Segment Start: Provided data
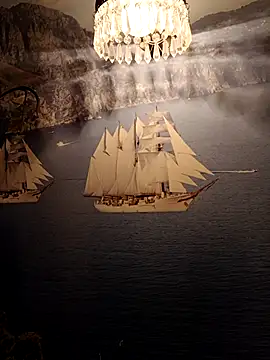 Snapshot of LazyTanukii chatting on October 3, 2025, 6:59 am LazyTanukii online show from October 3, 2025, 6:59 am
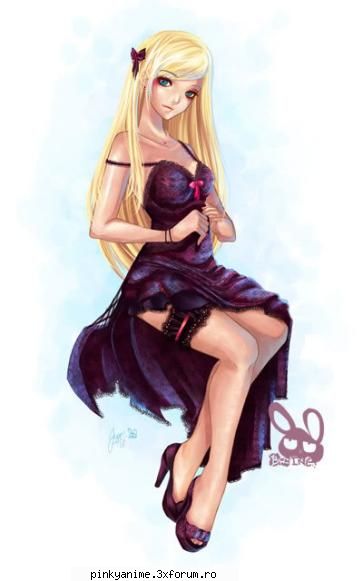 sarah way - sarah chan - ^_^Album^_^
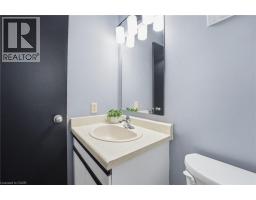 445 KINGSCOURT Drive UnitNo. 6 - 12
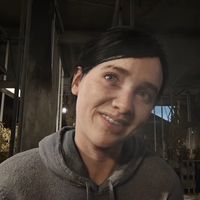 elliewilliamswifey420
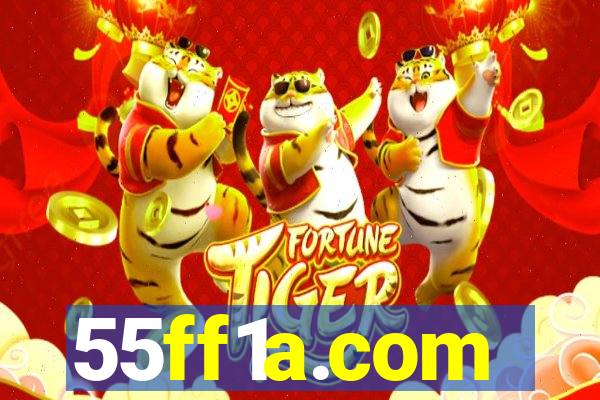 55ff1a.com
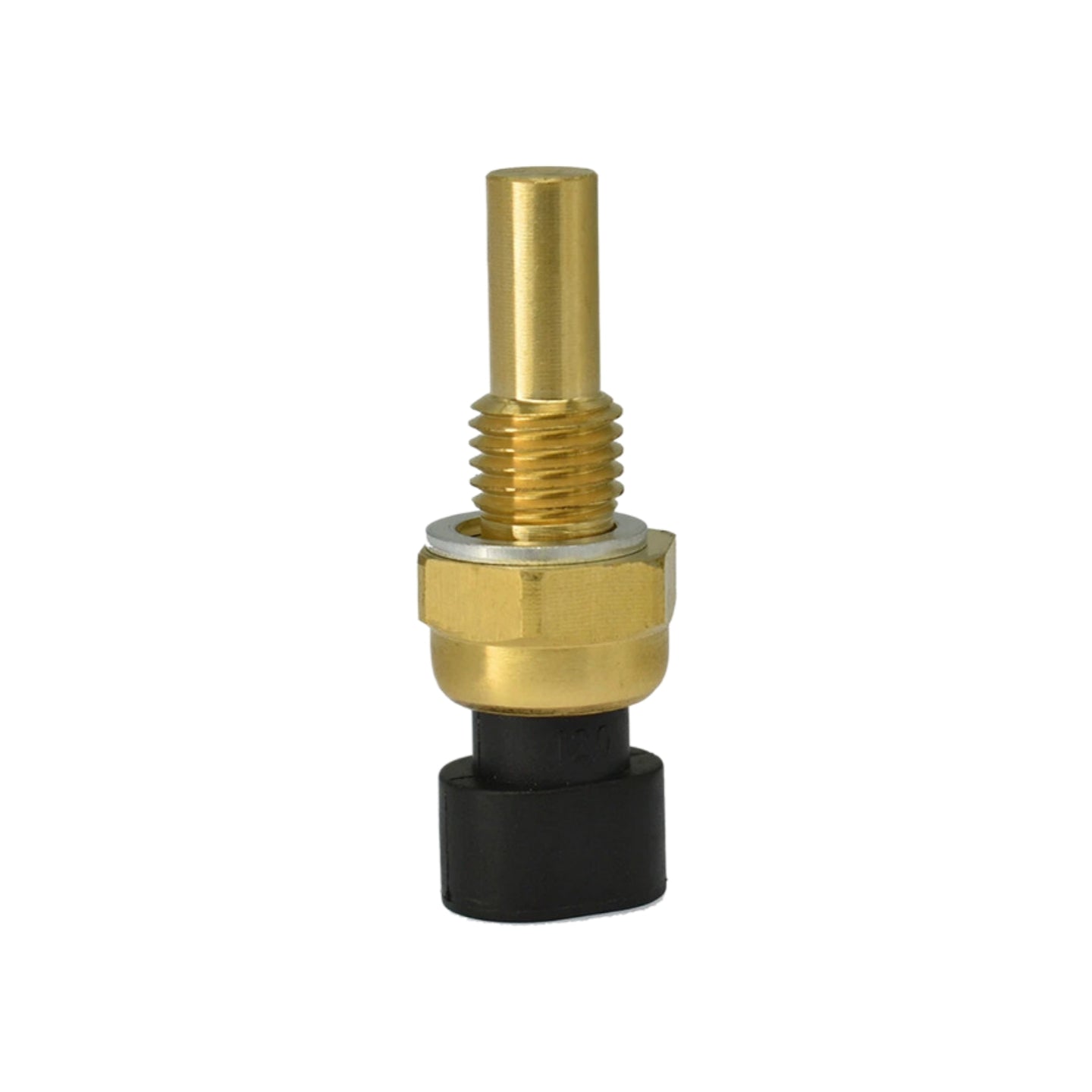 Engine Coolant Temperature Sensor 19236568 213-4514 25036898 for Chevrolet & Buick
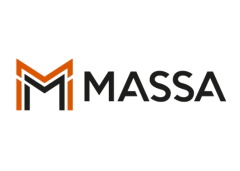 massa-mebel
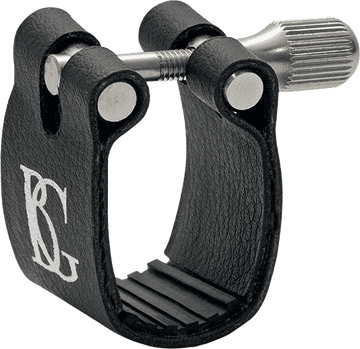 L9 - BASS KLARINETTE BLATTSCHRAUBE STANDARD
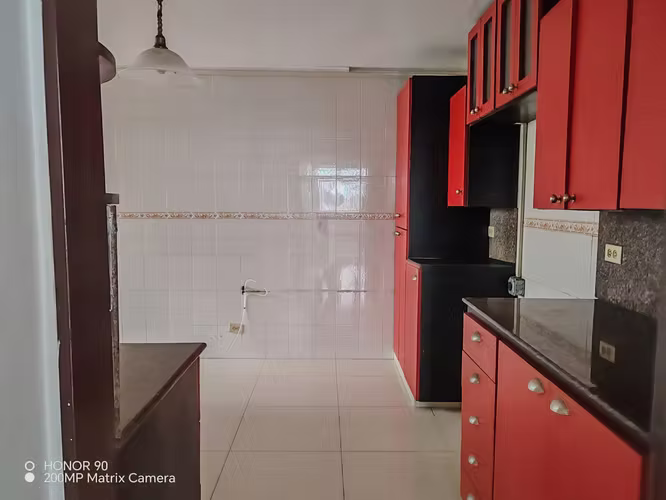 Venta de Apartamento en El Dorado con Vista Panorámica y Área Social - Imagen 5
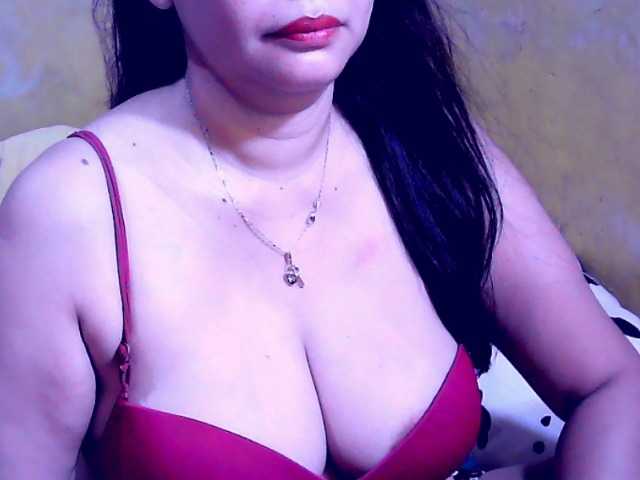 SweetMonlight
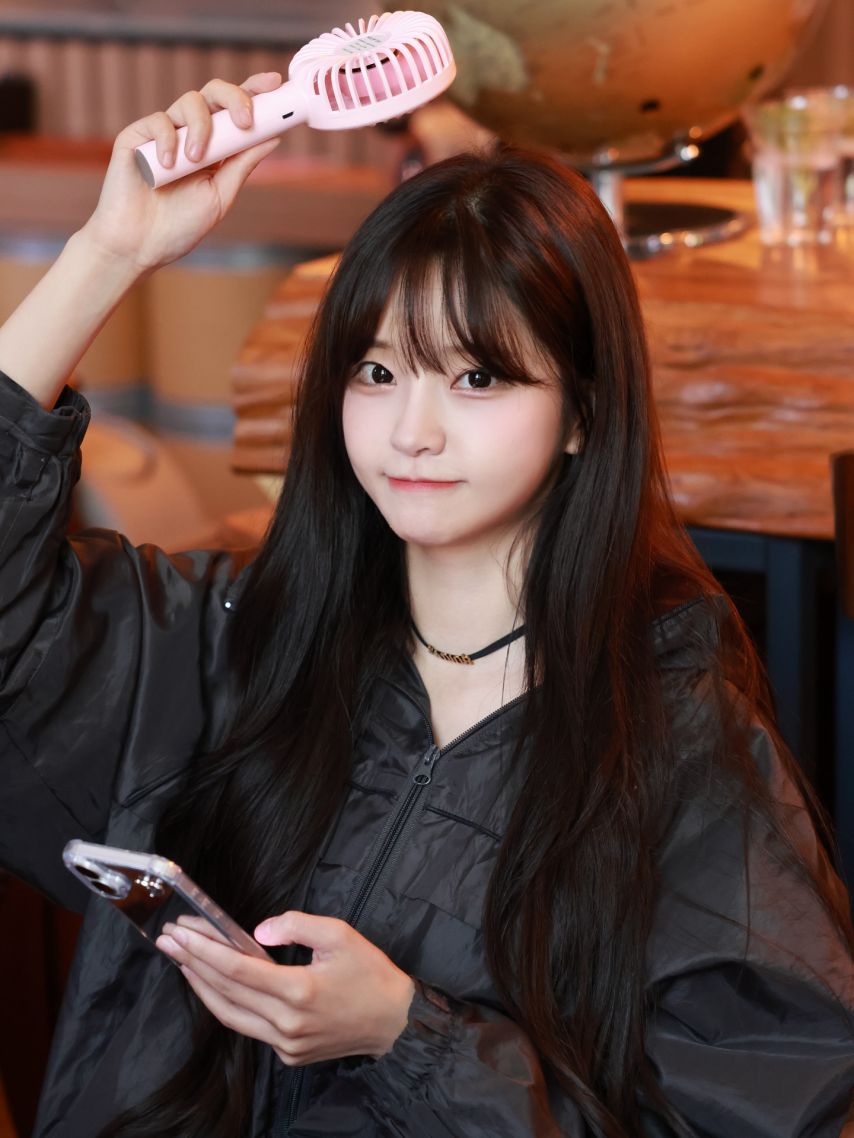 박민정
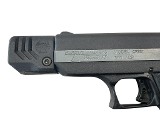 HI-POINT CF380 .380 ACP - 3 of 3
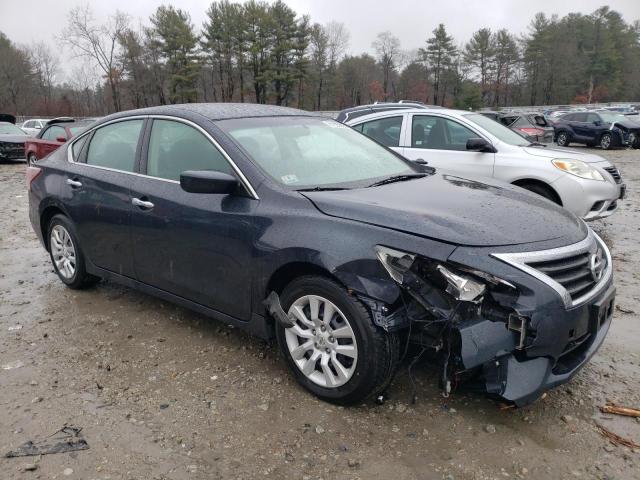 2013 Nissan Altima - Image 4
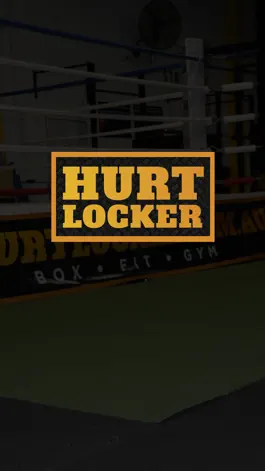Game screenshot Hurt Locker Richmond mod apk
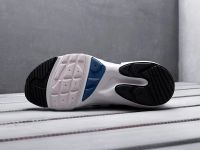Лот: 17095210. Фото: 4. Кроссовки Nike Huarache E.D.G... Красноярск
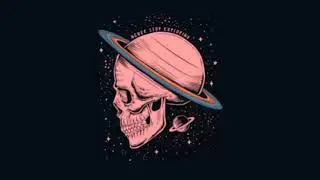 [Free] Freestyle Type beat 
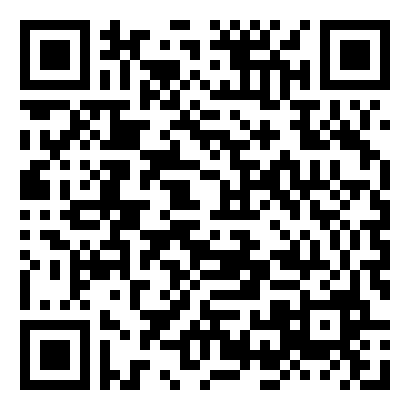 移动端二维码 - 【广西三象建筑安装工程有限公司】绿地衫和田叠墅项目 - 遂宁生活社区 - 遂宁28生活网 suining.28life.com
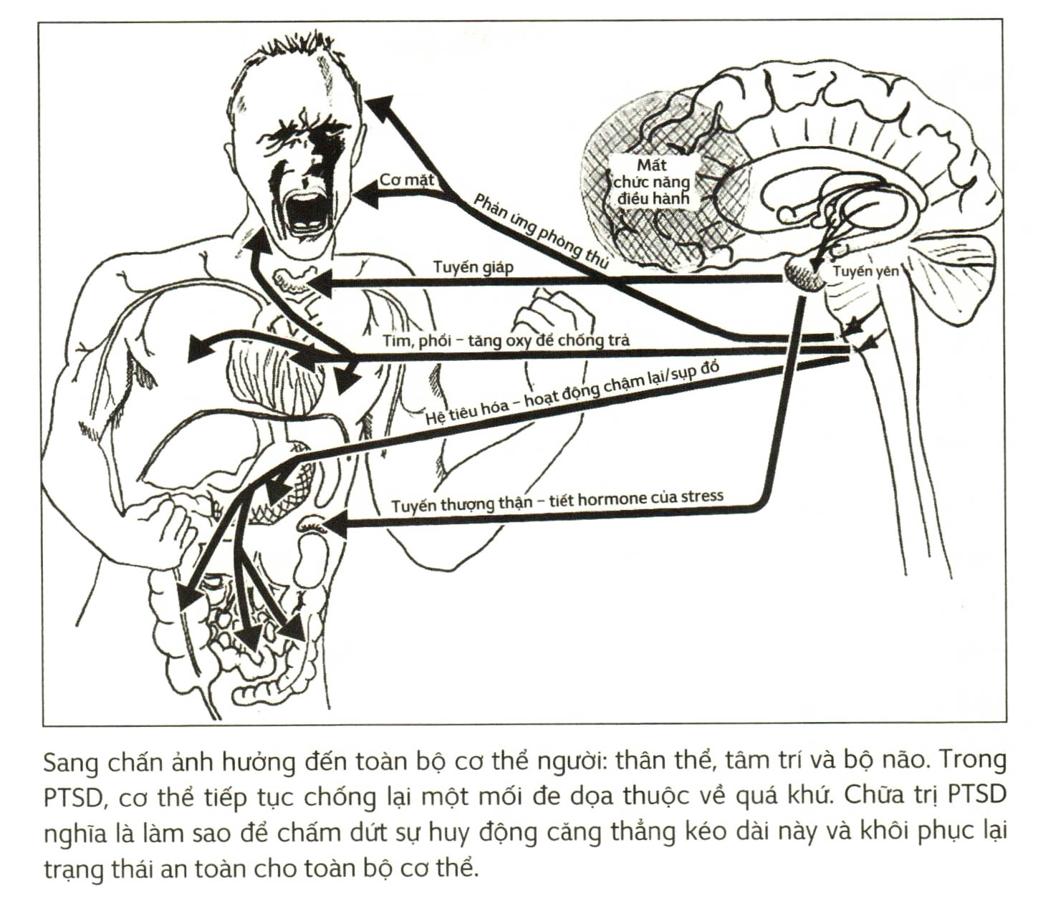 Diagram Description automatically generated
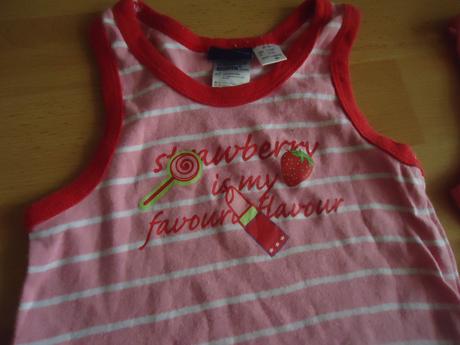 4 tílka, lupilu,104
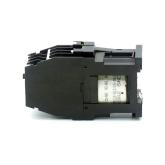 Auxiliary contactor  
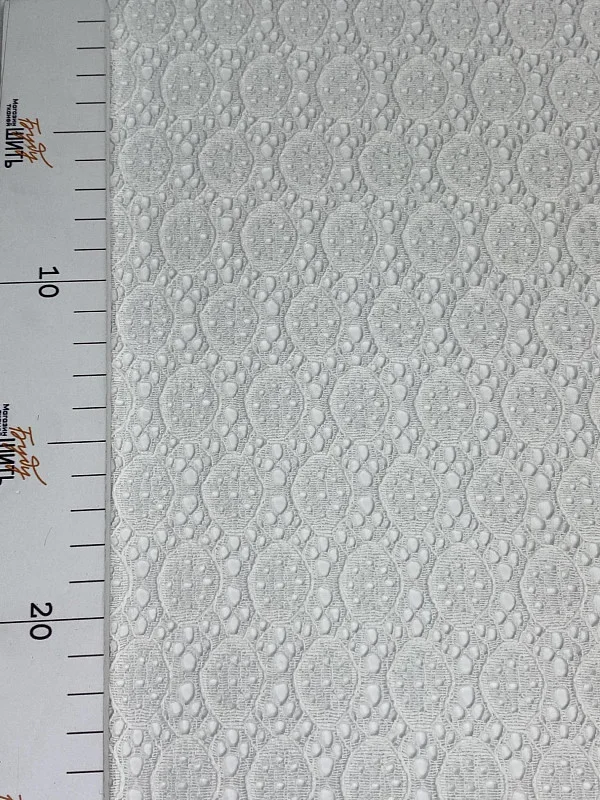 slide-2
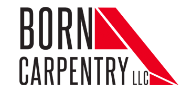 LLC Born Carpentry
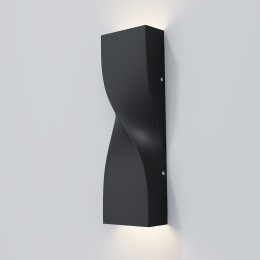 Архитектурная подсветка  Maytoni Outdoor Twist O040WL-L11B3K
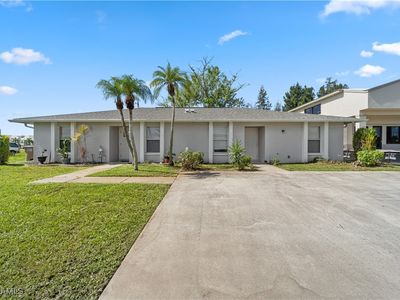 406/408 SW 2nd Ter, Cape Coral, FL, 33991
Segment End: Provided data
Exercise objective:
Without the pictures, copy the entries from their first line through the line containing "Diagram Description automatically generated", and only those lines.

Your response:
 Snapshot of LazyTanukii chatting on October 3, 2025, 6:59 am LazyTanukii online show from October 3, 2025, 6:59 am
 sarah way - sarah chan - ^_^Album^_^
 445 KINGSCOURT Drive UnitNo. 6 - 12
 elliewilliamswifey420
 55ff1a.com
 Engine Coolant Temperature Sensor 19236568 213-4514 25036898 for Chevrolet & Buick
 massa-mebel
 L9 - BASS KLARINETTE BLATTSCHRAUBE STANDARD
 Venta de Apartamento en El Dorado con Vista Panorámica y Área Social - Imagen 5
 SweetMonlight
 박민정
 HI-POINT CF380 .380 ACP - 3 of 3
 2013 Nissan Altima - Image 4
Game screenshot Hurt Locker Richmond mod apk
Лот: 17095210. Фото: 4. Кроссовки Nike Huarache E.D.G... Красноярск
 [Free] Freestyle Type beat 
 移动端二维码 - 【广西三象建筑安装工程有限公司】绿地衫和田叠墅项目 - 遂宁生活社区 - 遂宁28生活网 suining.28life.com
 Diagram Description automatically generated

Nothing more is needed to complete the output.